The use of the favorite German beverage in factories during business hours we regard as reprehensible on purely selfish and economic grounds. We noticed, during our recent Eastern visit, that in some of the factories it was a common practice for the workmen to send out for pails of foaming lager to refresh themselves in their work. We would make the point that the establishment whose men are allowed thus to drink at odd times cannot produce as good results in workmanship as that whose men keep within the bounds of strict temperance during business hours at least. A beer-muddled brain transfers its qualities to the less cunning instrument it helps to fashion. We believe it would be a wise step to prohibit the use of beer while employees are at work.
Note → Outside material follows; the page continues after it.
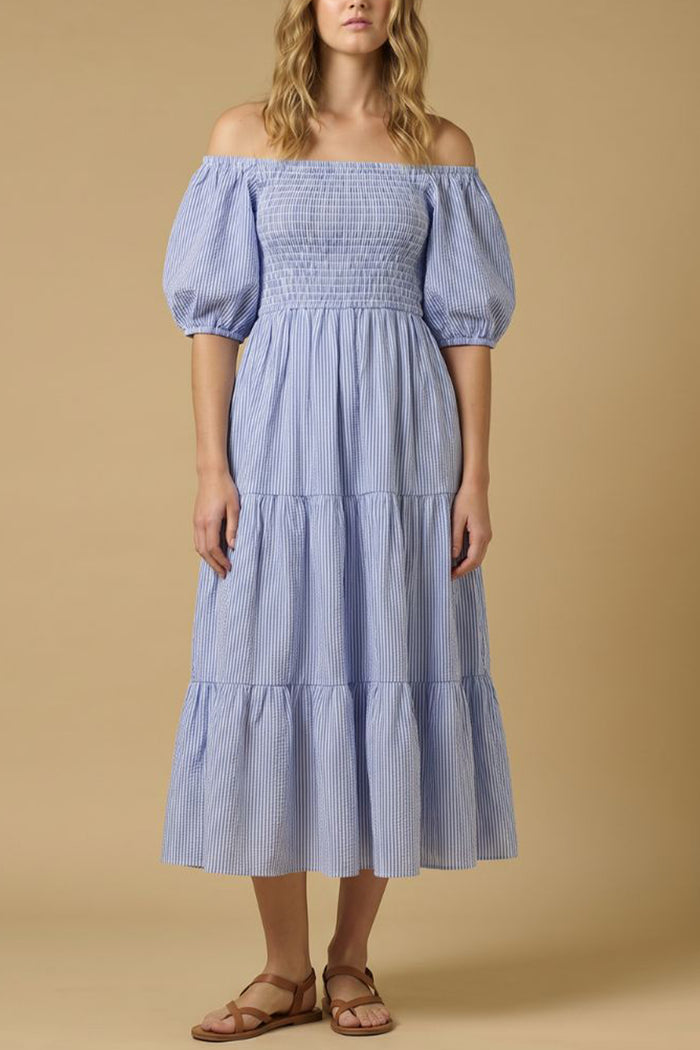 SMOCKED OFF-SHOULDER MIDI DRESS "OPHELIA" SKY BLUE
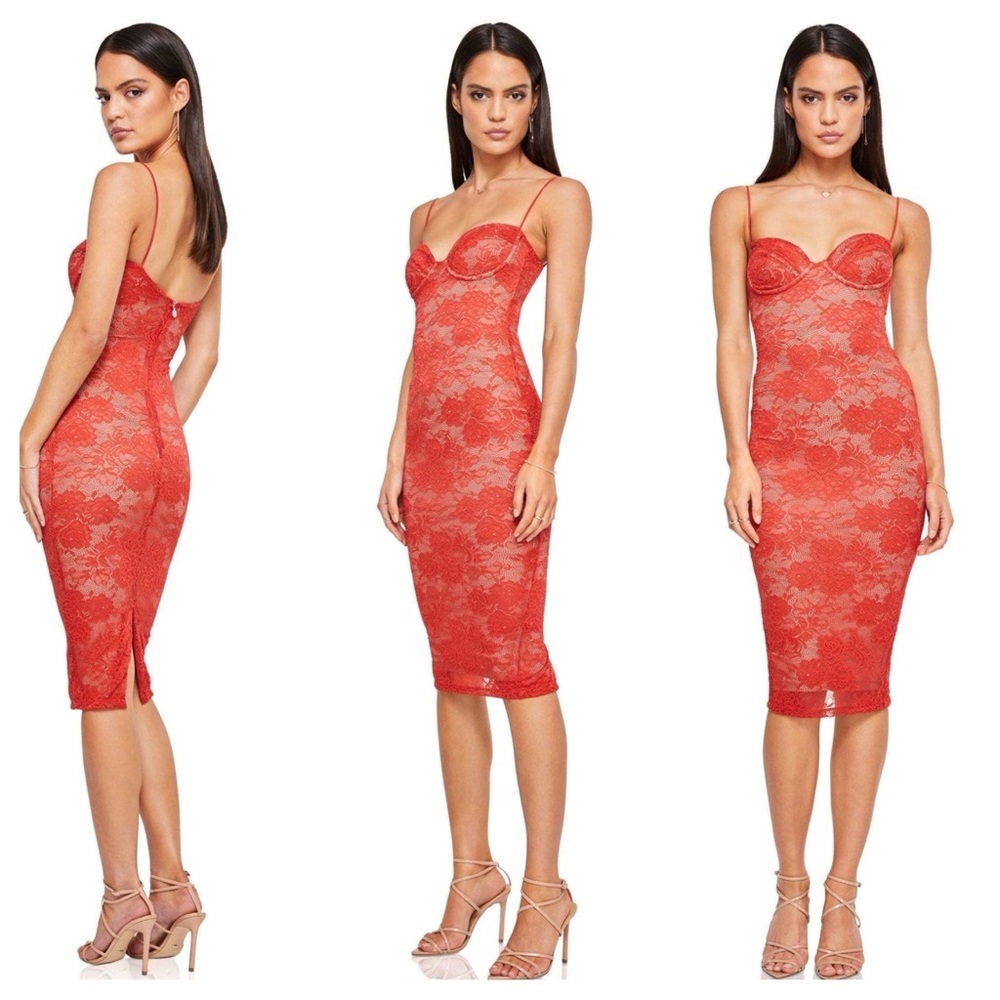 Nookie Red Lace Midi Dress with Corset Bodice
Though regarded by most of them as harmless, and by many as a necessity—and we are the last to deny the workman any proper right or lawful indulgence—the use of the cheap and possibly not harmful beverage during the hours devoted to labor is a hindrance to work and certainly not helpful to the worker. In this connection we call attention to the statement of Edward F. Cullerton, one of Chicago’s Aldermen, in reference to raising the saloon license:
“If you saw what I see every day you would condemn me to the pillory for not being in earnest. Up in my neighborhood the men work hard all the year round and earn big wages, but their families are none the better for it. Why? At the opening of the alleyway leading to every lumberyard, at the gates of every factory, there is a saloon. There is a decoy of the saloonkeeper in every gang of workmen who entices his fellows into the gate and alley saloon at every opportunity—at noon, in the morning before work commences, in the evening when work is over—surely every pay-day. I know men working in those shops up in the Fifth and Sixth Wards who earn from $20 to $35 a week, whose slate at the gate and alley saloons runs up to $10 and $15 per week. Those men have families. They have to live on a pittance per week, less than their husbands and fathers spend in the doggeries.”